Note: Today I am giving a talk/workshop on blogging for feminist teaching and research. I have decided to post it as a series of entries on this blog so that it can serve as a virtual handout for those attending the workshop and as a resource for those who couldn’t make it. Another reason I am posting this talk here is that I am experimenting with using the blog, instead of powerpoint, as the format for my lectures and talks. Some of the material in these posts has been posted on other entries on this blog. This is part 3. As of 2/22, this entry is still under construction.


Okay, so I have discussed why I blog and how I use blogs in my teaching. In this post, I will briefly discuss how I blog while and for teaching. As I mention above, this entry is still under construction because parts 1 and 2 took a lot of time and energy to write.

Warning: There are many strategies for managing blogs so that they don’t overwhelm you, but you have to be vigilant in your practice of them. I think this workshop is an example of trying to take on too much in too little time.
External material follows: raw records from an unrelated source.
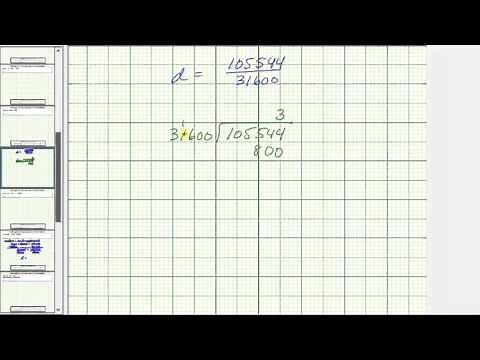 Ex: Solve a Two Step Equation With Decimals (Clear Decimals)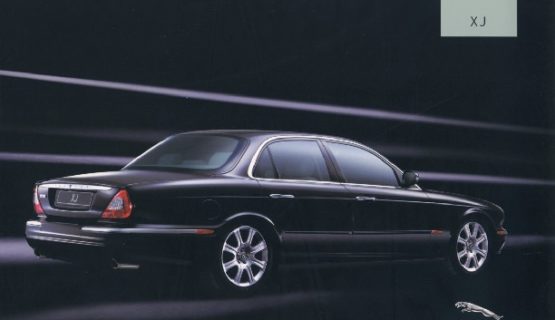 Jaguar-XJ X350 2005 год Великобритания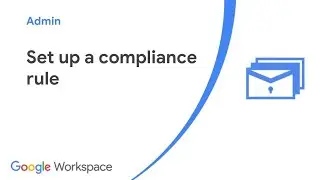 Setup a Compliance Rule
Perhaps another way to look at my failure to complete this entry is this: In the spirit of the blog, which is a living, always-in-process archive of one’s ideas and writings, I offer you my preliminary thoughts on blogging while teaching. Here are some examples (without my analysis) of how I see blogging while teaching working for me.

EXAMPLE ONE: Critical Reflection
Why did we stop asking questions?
This blog entry was originally published on this blog. I also assigned the essay that is discussed in this post for my feminist debates class and posted an excerpt from the entry on that blog, here. And I posted an excerpt of the entry on my graduate course blog, feminist/queer/troublemaking, here.

EXAMPLE TWO: Critical Essay
Does Troubling Virtue = Valuing Vice? And Other Questions About Vice and Virtue, part 1?

In this entry, I drew upon readings from my queering theory class and reflected on how they connected to my own thinking/research on troublemaking and ethics. Here is the note I wrote at the top of the entry:

Note: Having just finished this entry after almost 4 days of deliberating over how to frame it and what to write, I feel compelled to comment on my blogging process. I am not sure if this entry makes sense, but it has been incredibly productive for me as I attempt to place my own thinking about virtue ethics and troublemaking in a larger context. Writing this entry has enabled me to clarify my thinking, generated a lot of new questions and sources, and has fueled my passion for troubling virtue ethics. Cool. This entry is one reason why I love blog writing.

EXAMPLE THREE: Applying theories/concepts
The Trouble with Alice
I wrote this entry over the summer, while I was in the midst of watching a lot of the Brady Bunch. It was inspired by readings we had done in my Contemporary Feminist Debates course in the spring of 2009. We are reading some of those same essays and discussing some of the same issues in Feminist Debates this week (2/23-2/25), so I decided to post an excerpt of it for the class here.

EXAMPLE FOUR: Critical Reflection
The troublemaker as a feminist killjoy (or an unhappy queer?)

I wrote this entry at the end of last semester. It was inspired by readings from my queering theory and connects to readings for my graduate class on troublemaking for this spring.

EXAMPLES FIVE and SIX: Archiving Research for/while Teaching
Troublemaking and Feminist and Queer Pedagogies: Some Sources
The Queer Child: Some Sources

EXAMPLE SEVEN: My colloquium presentation on Judith Butler and the virtue of troublemaking
My presentation
Is grief our only resource for how to stay in trouble?
In my fall presentation for the GWSS Feminist Studies Collloquium series, I presented on Judith Butler and troublemaking. I read “my presentation” and reflected on parts of “is grief…”.

All of these entries enable me to bring together my teaching and research interests in ways that benefit both my teaching (I often post excerpts of these entries on my course blogs in order to share my research/knowledge with students) and my research (these entries enable me to archive my reflecting on and processing of readings).